#### Data records:
= Beginning of Section =

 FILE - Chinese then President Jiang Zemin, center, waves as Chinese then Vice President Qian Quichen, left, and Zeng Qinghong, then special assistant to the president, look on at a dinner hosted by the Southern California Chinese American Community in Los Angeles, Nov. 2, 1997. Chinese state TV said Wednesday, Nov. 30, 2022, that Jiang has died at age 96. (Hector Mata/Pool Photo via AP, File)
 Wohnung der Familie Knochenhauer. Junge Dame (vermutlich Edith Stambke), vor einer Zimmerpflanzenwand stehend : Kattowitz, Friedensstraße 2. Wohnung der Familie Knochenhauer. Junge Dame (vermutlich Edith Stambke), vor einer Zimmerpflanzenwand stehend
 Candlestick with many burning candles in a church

= End of Section =
= Beginning of Section =

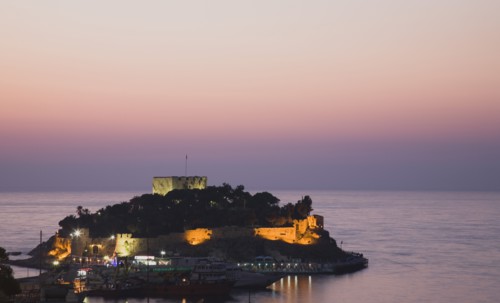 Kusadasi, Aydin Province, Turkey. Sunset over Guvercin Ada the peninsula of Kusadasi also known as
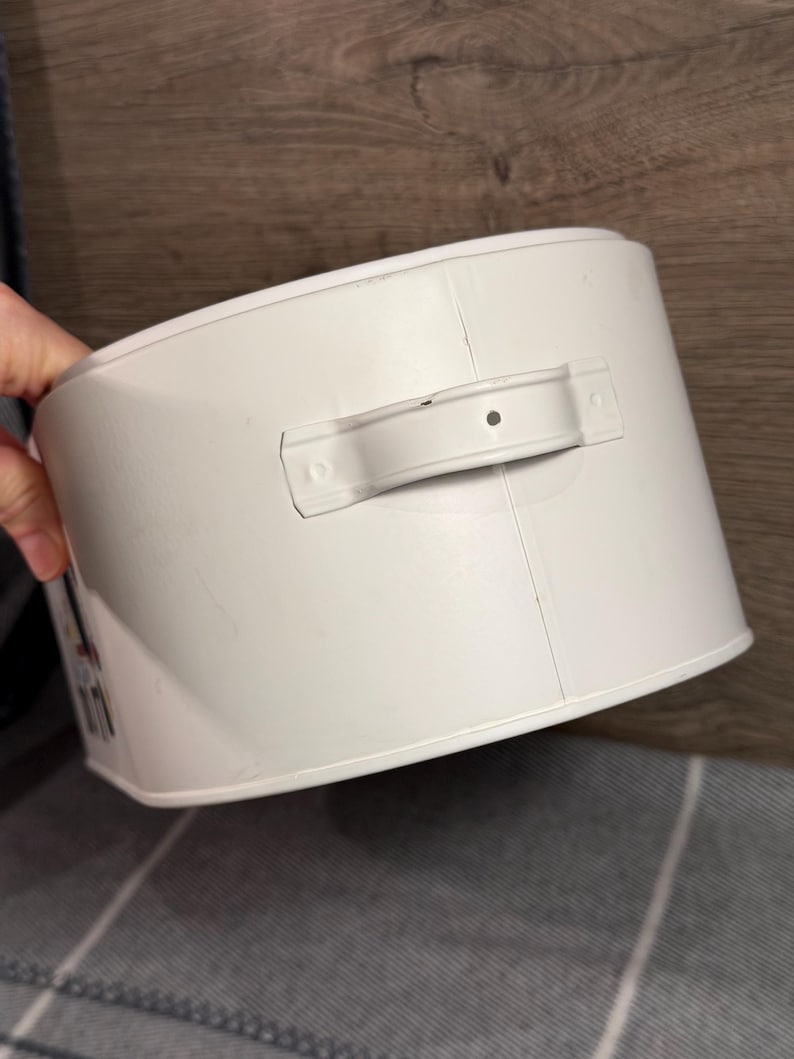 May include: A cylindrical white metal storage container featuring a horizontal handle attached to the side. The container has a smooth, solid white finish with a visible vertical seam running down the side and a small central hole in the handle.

= End of Section =
= Beginning of Section =

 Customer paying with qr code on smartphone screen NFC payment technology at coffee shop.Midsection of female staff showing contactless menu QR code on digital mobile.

= End of Section =

#### Instructions for the task:
There is a line with "FILE - Chinese" and a line with "Candlestick with many" above. Copy exactly those two lines and all lines between them, with nothing else.

#### Written answer:
 FILE - Chinese then President Jiang Zemin, center, waves as Chinese then Vice President Qian Quichen, left, and Zeng Qinghong, then special assistant to the president, look on at a dinner hosted by the Southern California Chinese American Community in Los Angeles, Nov. 2, 1997. Chinese state TV said Wednesday, Nov. 30, 2022, that Jiang has died at age 96. (Hector Mata/Pool Photo via AP, File)
 Wohnung der Familie Knochenhauer. Junge Dame (vermutlich Edith Stambke), vor einer Zimmerpflanzenwand stehend : Kattowitz, Friedensstraße 2. Wohnung der Familie Knochenhauer. Junge Dame (vermutlich Edith Stambke), vor einer Zimmerpflanzenwand stehend
 Candlestick with many burning candles in a church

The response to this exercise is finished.